[Data for this task]

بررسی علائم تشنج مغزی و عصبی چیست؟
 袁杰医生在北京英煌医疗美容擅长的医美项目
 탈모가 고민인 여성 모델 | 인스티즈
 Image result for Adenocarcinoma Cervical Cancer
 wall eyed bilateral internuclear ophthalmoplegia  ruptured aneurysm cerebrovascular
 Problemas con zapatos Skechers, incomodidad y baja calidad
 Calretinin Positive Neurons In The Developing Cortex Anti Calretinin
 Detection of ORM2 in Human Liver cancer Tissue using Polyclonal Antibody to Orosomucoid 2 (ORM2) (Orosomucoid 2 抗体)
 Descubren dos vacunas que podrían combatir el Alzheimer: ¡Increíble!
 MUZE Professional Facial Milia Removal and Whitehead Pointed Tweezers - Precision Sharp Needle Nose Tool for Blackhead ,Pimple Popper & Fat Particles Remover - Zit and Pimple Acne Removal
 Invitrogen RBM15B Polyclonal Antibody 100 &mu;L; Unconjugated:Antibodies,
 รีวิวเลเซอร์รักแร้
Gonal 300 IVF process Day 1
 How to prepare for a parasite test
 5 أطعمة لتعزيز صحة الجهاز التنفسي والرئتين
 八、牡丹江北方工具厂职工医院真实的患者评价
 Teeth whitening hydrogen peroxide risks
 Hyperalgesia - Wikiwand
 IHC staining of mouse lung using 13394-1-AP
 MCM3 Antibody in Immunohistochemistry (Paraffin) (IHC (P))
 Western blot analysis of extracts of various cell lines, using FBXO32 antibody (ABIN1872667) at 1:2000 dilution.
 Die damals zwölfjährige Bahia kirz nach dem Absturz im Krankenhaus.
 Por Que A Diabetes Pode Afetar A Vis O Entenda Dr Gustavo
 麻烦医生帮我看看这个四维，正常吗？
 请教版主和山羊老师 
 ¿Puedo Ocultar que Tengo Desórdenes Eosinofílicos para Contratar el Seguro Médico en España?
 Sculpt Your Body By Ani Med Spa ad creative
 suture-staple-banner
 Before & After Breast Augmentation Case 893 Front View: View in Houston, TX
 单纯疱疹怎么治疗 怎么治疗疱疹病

[/Data for this task]

**Description of the task**. What belongs in the answer is the line with "Before & After" plus every later line of the listing, copied word for word and nothing besides.

**Finished task**.
 Before & After Breast Augmentation Case 893 Front View: View in Houston, TX
 单纯疱疹怎么治疗 怎么治疗疱疹病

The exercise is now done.